CONTINGENCIES . . . IT'S BEST TO
Real estate contracts, in general, have grown increasingly more detailed and
complicated over the past several years. The Real Estate Purchase Contract, in
an effort to "cover all aspects of the home purchase", has grown in
length and complexity over the years.
Various common "contingencies" are contained in the purchase
contract language. It would be a rare real estate contract that did not contain
and/or require at least one or more "contingency" clauses.
Some of the more frequent clauses include the purchase being contingent upon
(or conditioned upon) the sale of a current home, the borrower being approved
for a new loan, or the borrower's final "walk through" inspection of
the newly purchased home.
Other contingencies might involve roof inspections, pest control approvals
or particular repairs being done to the property prior to close of escrow.
All contingencies need to be specific and should be written to include these
1. clearly identify the contingency.
2. determine who will eliminate the contingency.

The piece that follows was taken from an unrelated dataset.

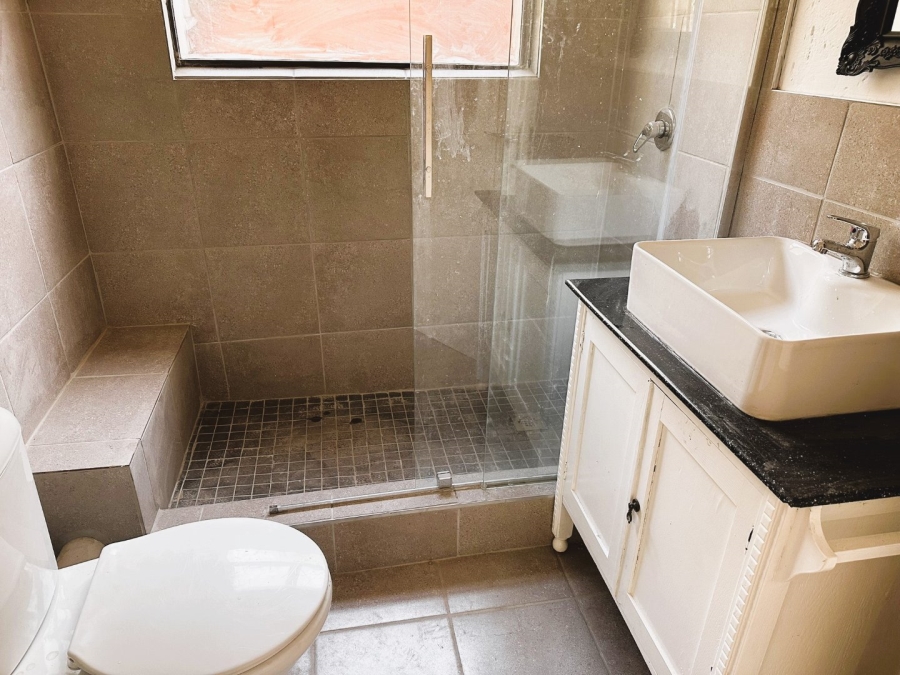 To Let 2 Bedroom Property for Rent in Bromhof Gauteng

3. determine how the contingency will be relieved
(usually in writing).
4. determine the time period in which the contingency
is to be removed or eliminated.
5. identify who will pay for any costs that might
Using the above as a guide, rather than writing a contingency as "a
roof inspection to be performed", one could improve on the language as
"A roof inspection is to be conducted by a certified roofer within ten
days of acceptance of the offer. The report shall be approved, in writing, by
the buyer, within three days of receipt of same. The report,
and any repairs required by said report, to be completed and paid for by the
seller prior to close of escrow."
The latter clause, while longer, is more precise and will more likely avoid
future misunderstanding between buyer and seller.
While the purchase contract identifies some of the more common contingency
items, the above "guide" might be applied to make certain that all
parties know what to expect regarding any particular contingency. This might be
especially important when either the buyer or seller "feels particularly
strongly" about a specific issue.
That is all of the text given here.